---- Material for this task

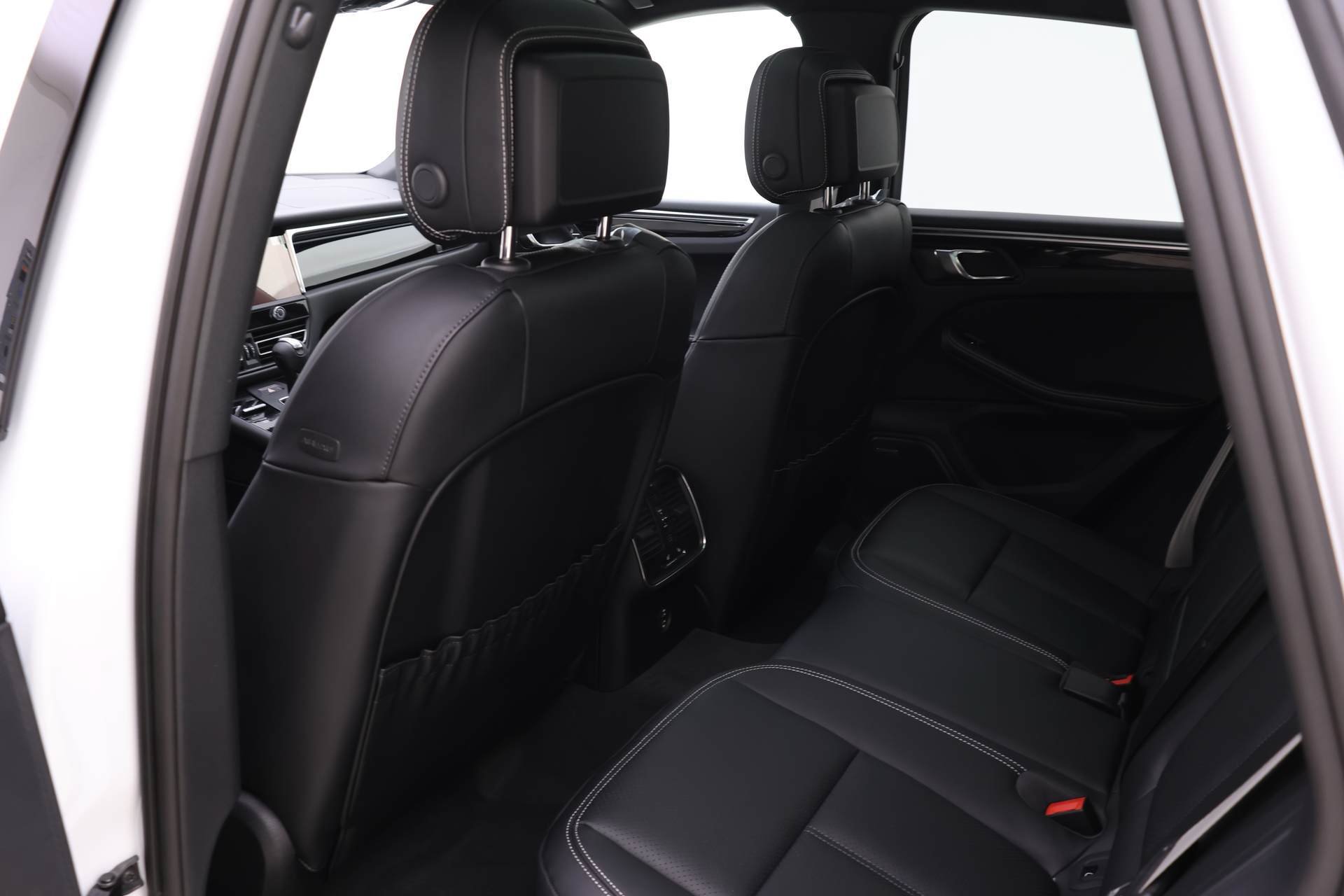 Used 2025 Porsche Macan AWD/4WD image 11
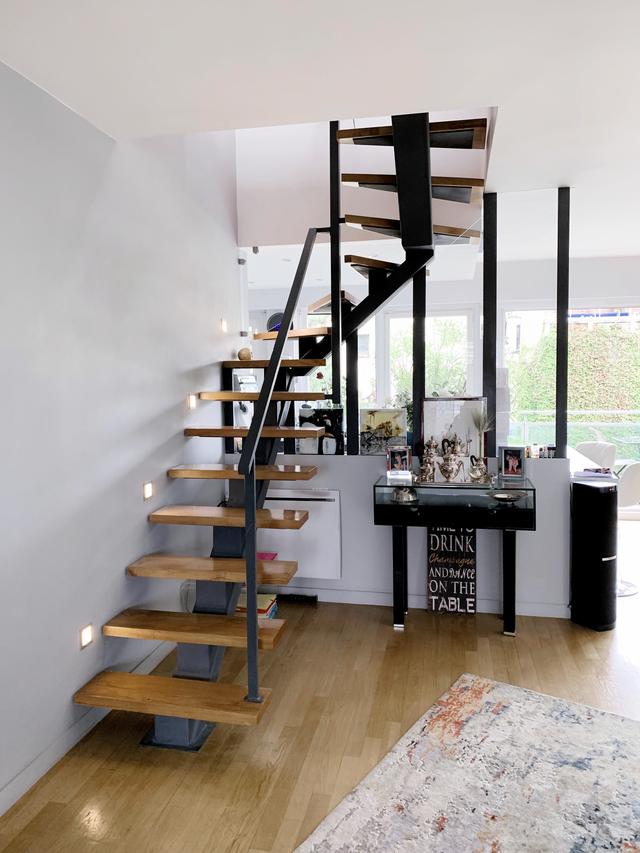 L’escalier est devenu un élément architectural de l’appartement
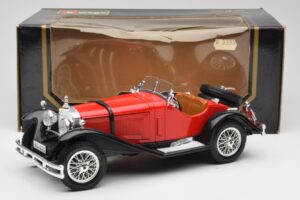 Mercedes SSK Czerwony & Czarny Bburago 1:18 3009-M1 Metal — zdjęcie 6 z 6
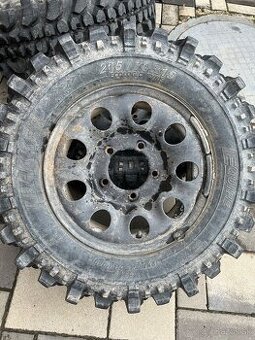 215/70/r15 5x139,7 pneu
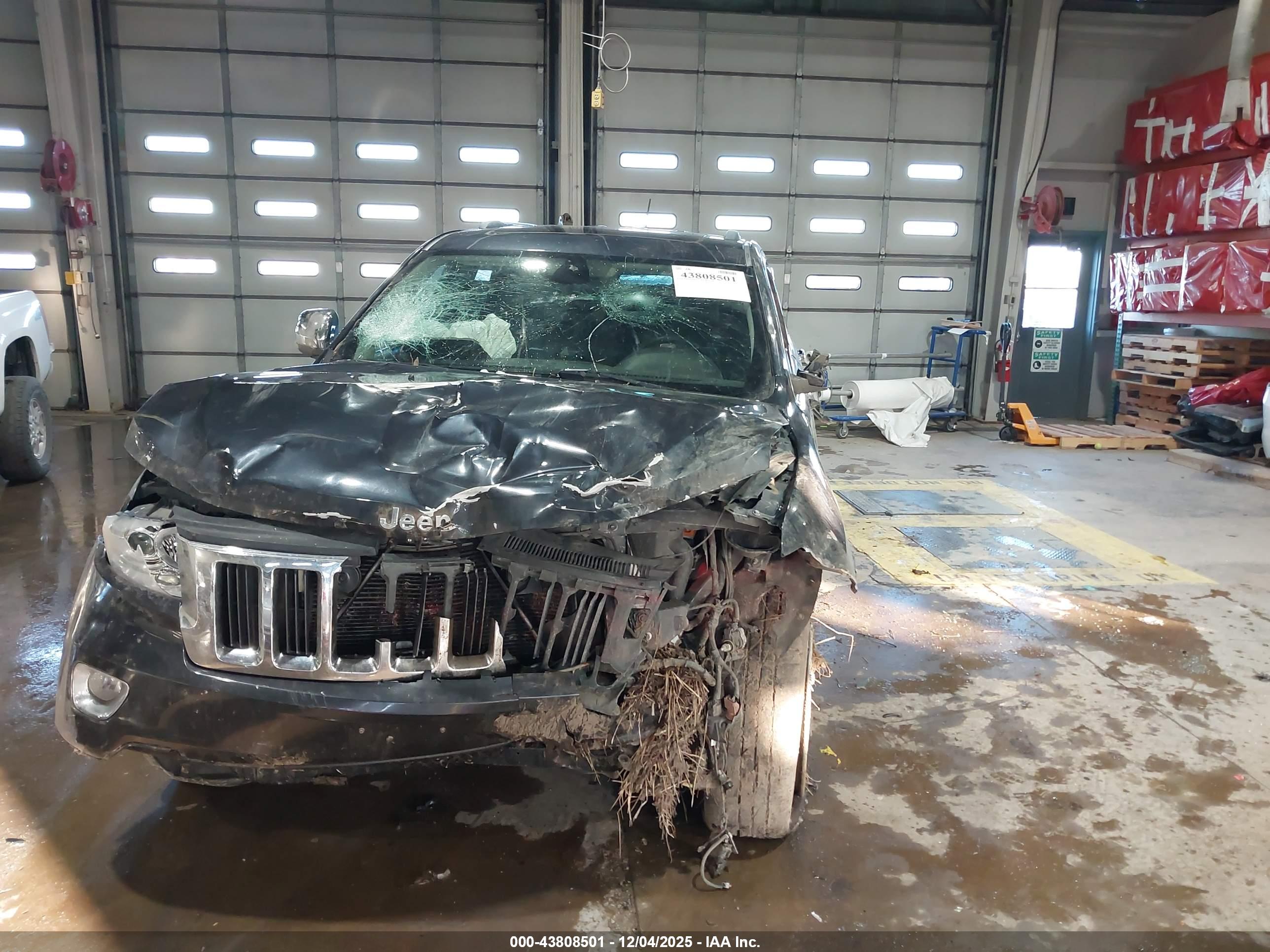 JEEP GRAND image 6
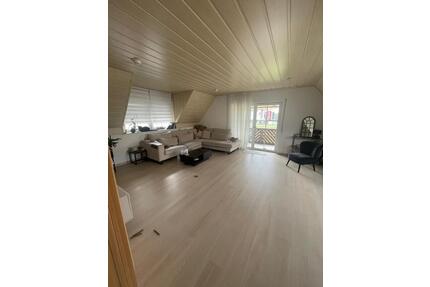 GROSSE 4+1 Zimmer Wohnung (96m2) mit Balkon in Elsenfeld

--------

> What to work on:
Skip the images and set down the rest of the data unchanged.

> Exercise response:
 Used 2025 Porsche Macan AWD/4WD image 11
 L’escalier est devenu un élément architectural de l’appartement
 Mercedes SSK Czerwony & Czarny Bburago 1:18 3009-M1 Metal — zdjęcie 6 z 6
 215/70/r15 5x139,7 pneu
 JEEP GRAND image 6
 GROSSE 4+1 Zimmer Wohnung (96m2) mit Balkon in Elsenfeld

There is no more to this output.